Wines of the Long White Cloud

POSTED ON 15/02/2014

Confessing a general immunity to the hype normally generated by wine PR, I have to admit that New Zealand is the exception that proves the rule. At last month’s overview of the 2013 vintage, I found myself full of admiration for this relatively small wine country, whose vineyard area covers a mere quarter of that occupied by Bordeaux. Small , of course, can be perfectly formed, and while perhaps not perfect, New Zealand’s compact size, in conjunction with its maritime climate and zest for wine quality wine, has seen it become the first and only wine country to break the £7 a bottle barrier.

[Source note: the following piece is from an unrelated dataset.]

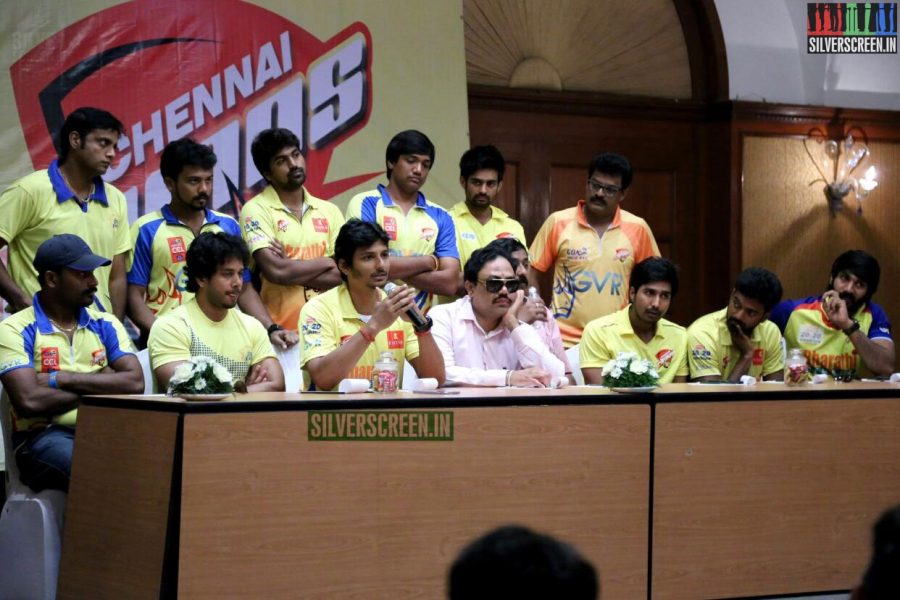 actor-jiiva-ccl-5-chennai-rhinos-press-meet-photos-043.jpg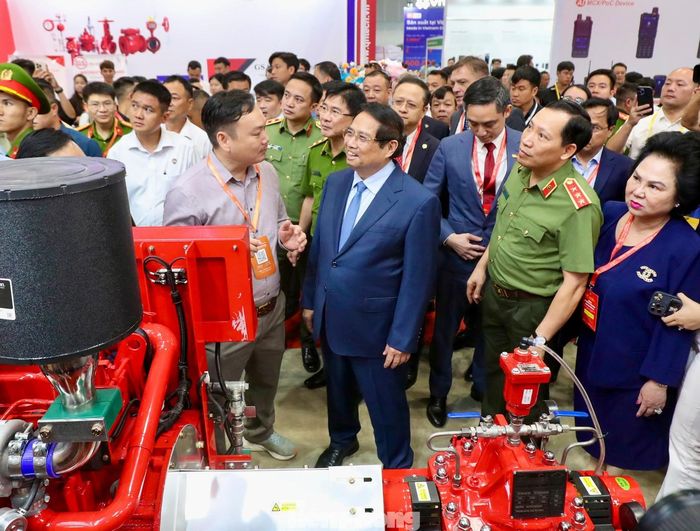  Thủ tướng Phạm Minh Chính cho rằng, công tác PCCC &amp; CNCH và phòng chống thiên tai đã đạt nhiều kết quả quan trọng nhờ sự lãnh đạo của Đảng, sự chỉ đạo của Nhà nước, nỗ lực của các bộ, ngành, địa phương, nòng cốt là lực lượng Công an nhân dân, Quân đội nhân dân và sự đồng hành của người dân, doanh nghiệp. Tuy nhiên, để làm tốt hơn, cần xây dựng một “văn hóa an toàn”: mỗi cá nhân, mỗi tổ chức phải tự giác phòng ngừa, nâng cao kỹ năng xử lý tình huống, sẵn sàng ứng phó khi sự cố xảy ra.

Sauvignon blanc still accounts for three-fifths of the vineyard area of 34,270 hectares. 2013 was a generally excellent year for New Zealand. The concentration and restraint of many of the 2013s over the cooler vintage 2012s brings a refined, almost sancerre-like quality to much of the wine without any off-puttingly pungent assertiveness. Many of the best are on the water, but it’s worth noting that the elderfloral, mouthwateringly ripe, gooseberryish 2013 Yealands Sauvignon Blanc is due on shelf now, down from £9.99 to £7.49, Sainsbury’s, while the intensely exuberant green bean and gooseberryish 2013 Villa Maria Wairau Reserve Sauvignon Blanc is also here, £13.99, buy two = £10.99 Majestic.

From a one-grape country two decades ago, New Zealand has evolved into a country of wine diversity. Its chardonnays are relatively unsung because of the worldwide competition, but it produces some of the best, as you’ll know if you try a superbly rich and complex, meursault-like Ata Rangi 2011 Craighall Chardonnay, £27.99 - £31.99, New Zealand House of Wine, The Wine Reserve, Noel Young. Aromatic grapes, which include riesling, pinot gris, gewürztraminer, and latterly even grüner veltliner, have now taken over from chardonnay, accounting for more than one in every ten hectares planted. Try the delicately off-dry kabinett style of the lime-zesty 2011 Greywacke Riesling, £18.95 - £20.99, Flagship Wines. Colchester Wine, and you’ll see why.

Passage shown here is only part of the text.